- **Your assignment**:
Starting at the line with "Jobb Og Fritid", retype every remaining line of the records exactly. Do not include pictures.

- **Excerpted records**:
>>>

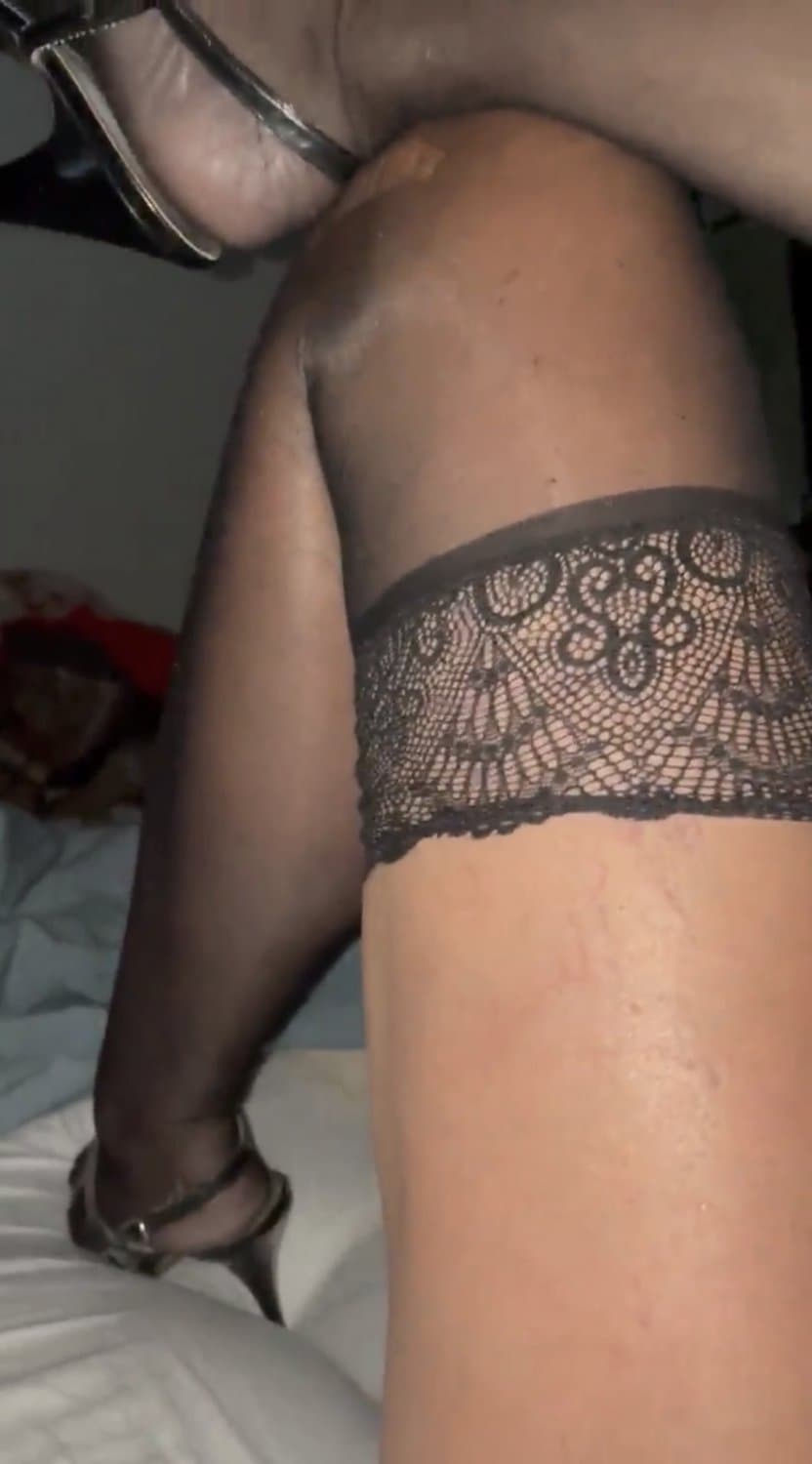 Dildoing & moaning slutwife pt1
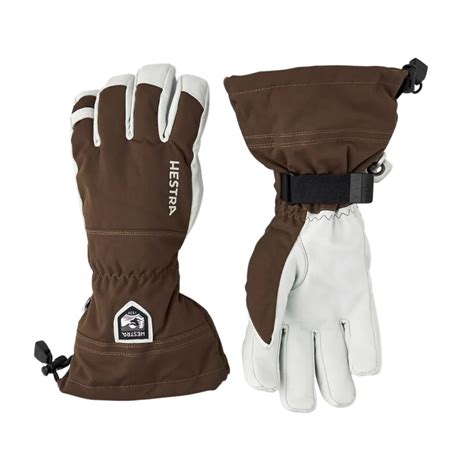 Jobb Og Fritid Hestra Army Leather Heli Ski 5 Finger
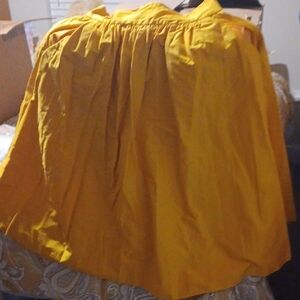 Avenue Bright Yellow Full Circle Skirt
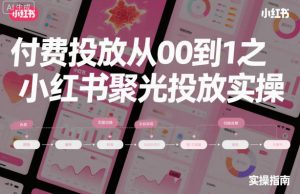 付费投放从0到1之小红书聚光投放实操-木石资源网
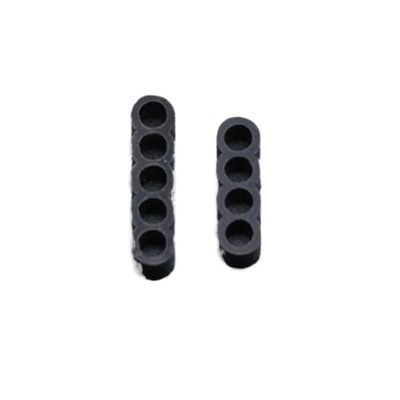 Chunsu 4pin 5pin 1 Line Round Acrylic Cable Combs for Computer Sata Power Cable-2pcs(5pin Comb,Black)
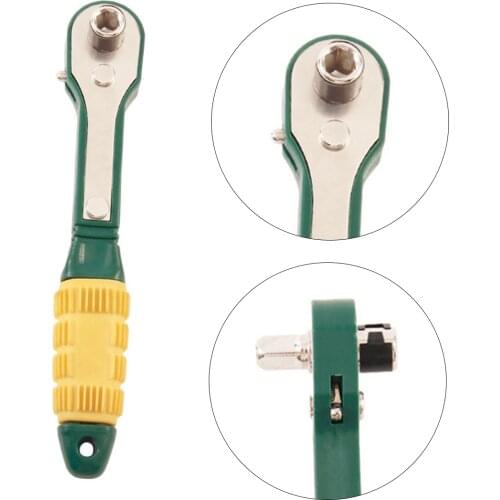 6.35 1/4 Head Portable Screwdriver Pole Multifunctional Quick Mini Ratchet Socket Wrench Multiple Function Simply Equipped Tools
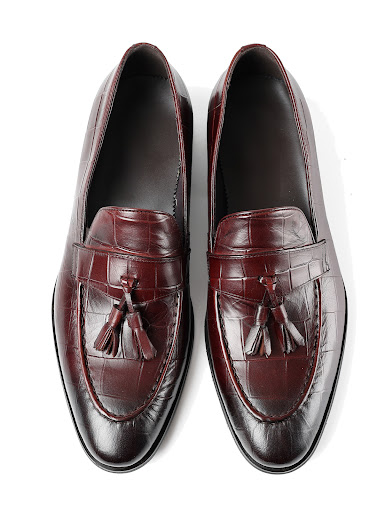 Title 2, Mens Leather Slip On Shoes Effortless style an...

<<<

- **Task answer**:
 Jobb Og Fritid Hestra Army Leather Heli Ski 5 Finger
 Avenue Bright Yellow Full Circle Skirt
 付费投放从0到1之小红书聚光投放实操-木石资源网
 Chunsu 4pin 5pin 1 Line Round Acrylic Cable Combs for Computer Sata Power Cable-2pcs(5pin Comb,Black)
 6.35 1/4 Head Portable Screwdriver Pole Multifunctional Quick Mini Ratchet Socket Wrench Multiple Function Simply Equipped Tools
 Title 2, Mens Leather Slip On Shoes Effortless style an...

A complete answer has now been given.